A Donald Trump no le afecta que revelen sus libertinajes pagos, que señalen que es muy bruto, que lo cuestionen cuando discrimina. No le afecta a él, a título personal, pero según parece no afecta tampoco su imagen pública, la adhesión de quienes lo aprecian y lo votan. Y es que Donald Trump es rico. Y el dinero, en quien lo posee de a millones, irradia para muchos una especie de encanto intrínseco, un halo protector de fascinación y de brillo, por el cual todos aquellos otros factores, por deplorables que puedan resultar, quedan eclipsados, si es que no, más aun, redimidos.
A todo esto hay que agregar el enorme peso que tiene, entre los mitos fundantes del imaginario estadounidense, la figura del self made man: el que tiene plata porque la hizo, porque supo hacerla; el emprendedor infatigable que erigió de la nada un imperio; el empresario como un héroe de nuestro tiempo, el paradigma por excelencia del mérito individual.
Ahora bien, el New York Times reveló hace unos días que Donald Trump no creó ninguna fortuna: que la recibió, ya como fortuna, de manos de su padre, y que empezó su carrera desde ahí. La moral de la meritocracia y el régimen hereditario, como sabemos, no compatibilizan demasiado bien. Y si al hacedor de riquezas le toca, bajo ciertos enfoques, un aura de veneración, no es lo mismo con los herederos.
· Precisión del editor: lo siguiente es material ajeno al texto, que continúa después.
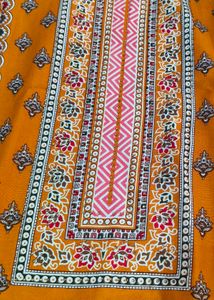 Dress Material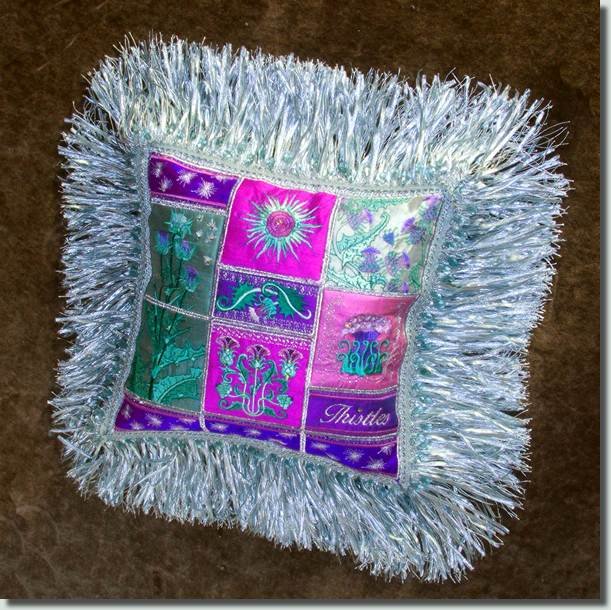 BFC0774 QIH Thistle Sampler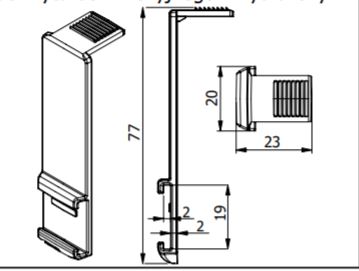 ПРЕМИУМ жалюзи день-ночь на заказ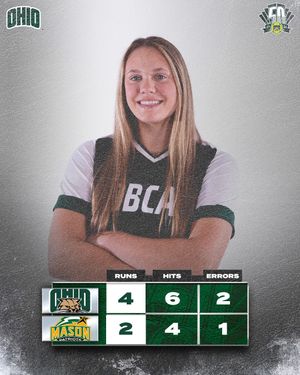 Image post by @ohiobobcatsb on Instagram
Los herederos habrán de ser, a lo sumo, buenos continuadores, aceptables acrecentadores; o bien, como los sobrinos del Tío Rico o como nuestro Isidoro Cañones, unos tarambanas, cabezas frescas, irresponsables, falsos vivos; a medias zánganos y a medias parásitos, cuyas buenas vidas empiezan con lo que otros, y no ellos, supieron forjar.
Las revelaciones del New York Ttimes no afectaron a Trump, por supuesto. Ni tampoco a sus admiradores. La inaudita moral de la riqueza cuenta siempre con una dosis considerable de cinismo. Y en eso Donald Trump es sin dudas el campeón mundial.